Along with this, start over with taming. He's tame, but not very sweet and that just could be his disposition. Not every bird is sweet and cuddly.


----------



## Amyy (Apr 23, 2011)

my first tiel was like that....and i thought something was wrong with my methods ...
he absolutely hated everything and everyone...he looked happier in his cage and the other tiels...so i got him a mate who turned out to be a male (i found that out recently)
...but after a few months,he became sweet...and we had him for 2 years until recently in june,he was stolen by the maid...i miss him so much!


----------



## flippityjib (Dec 13, 2012)

Oh my gosh Amyy! Your maid stole your bird? do you know what she did with him? That's awful...


----------



## Rose (Nov 15, 2012)

omg! That's bizarre!


----------



## Amyy (Apr 23, 2011)

she mustve sold them...
maids here are unreliable...its very difficult to find reliable maids in the city...
i had a maid a few years back who tried to sell a few budgies and told us that she caught them in the wild....as fart as i know,budgies are found in the wild only in australia and ive never seen budgies in the wild in my country whenevr i went to visit the tourist attractions...
its kinda common here for maids to steal stuff and keep them or steal birds and sell them...the male which i had was a lutino and the rest of them were normal greys...she stole the lutino and his lutino chick...
she comes in the mornings...real early like 6am...and i had changed my gym timings to the morning time..so i used to go in the mornings and leave my door unlocked...(i always lock my door when im in my room...so the maid never really saw my room before this) while everybody at home gets up by 11am at my home because my parents are doctors and they have their own clinics and they go there in the afternoon and come back home late...
anyway..i had gone away to my gym and the only person awake at home was this maid...when i came back after an hour,my lutino and his chick were missing...i was so angry!


----------



## Alytiel (Nov 10, 2011)

So today I left him covered up much longer than usual and also withheld food for a few hours longer than he usually eats. He wasn't aggressive during this, but he WAS very whiny.

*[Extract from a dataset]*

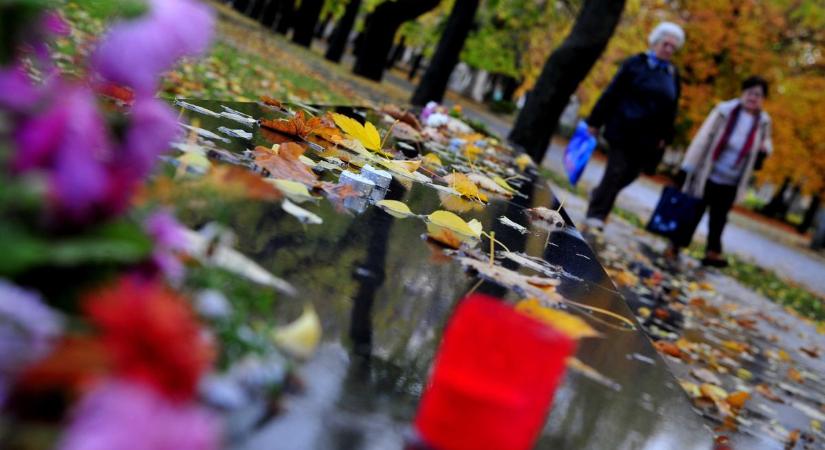 A tolvajoknak a temető se szent, az emlékezés perceiben is legyünk résen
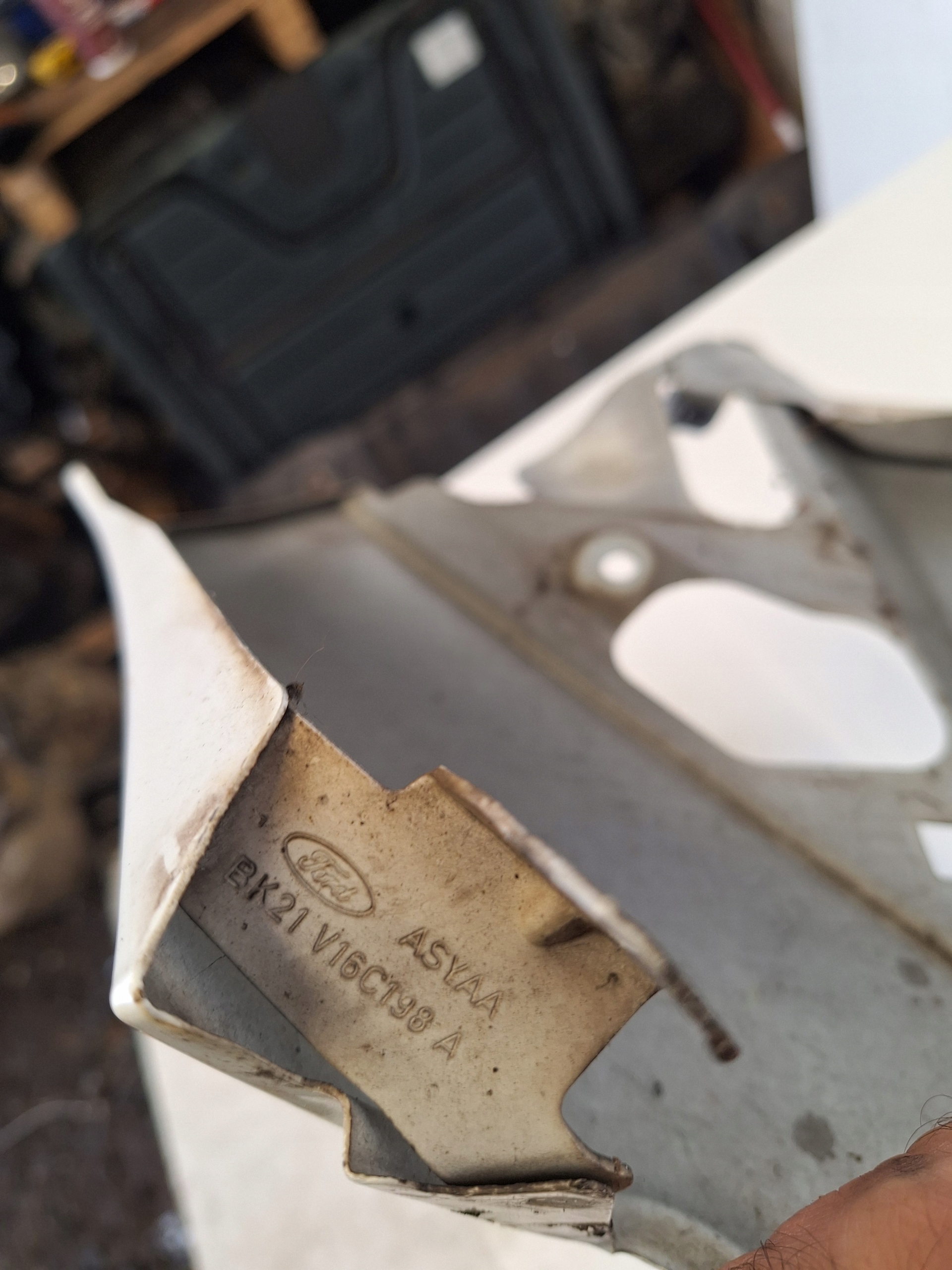 FORD TRANSIT CUSTOM 12-17 fender right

After I "woke" him up (he wasn't really sleeping past his usual time, though), I waited about an hour before feeding him - he was whining the whole time, and anytime I got up to leave or just walk across the room he would get very frantic and whine in a really high-pitch, fast chirp. 

But the good news is that after he quieted down a bit I gave him his food (and less than usual), and after he ate he was much nicer today than he's been in a long time. He didn't attack my hands but waited patiently while I put his food in, and he let me scratch his head before taking my hand out. After he ate, he was playing with his toys and preening. He's let me/encouraged me to give him scratches several times today (Everytime I look at him, or say his name, he runs over to "my side" of the cage and looks at me like he wants me to scratch him). I gave him a small sprig of millet, and he hasn't tried to mate with anything today. 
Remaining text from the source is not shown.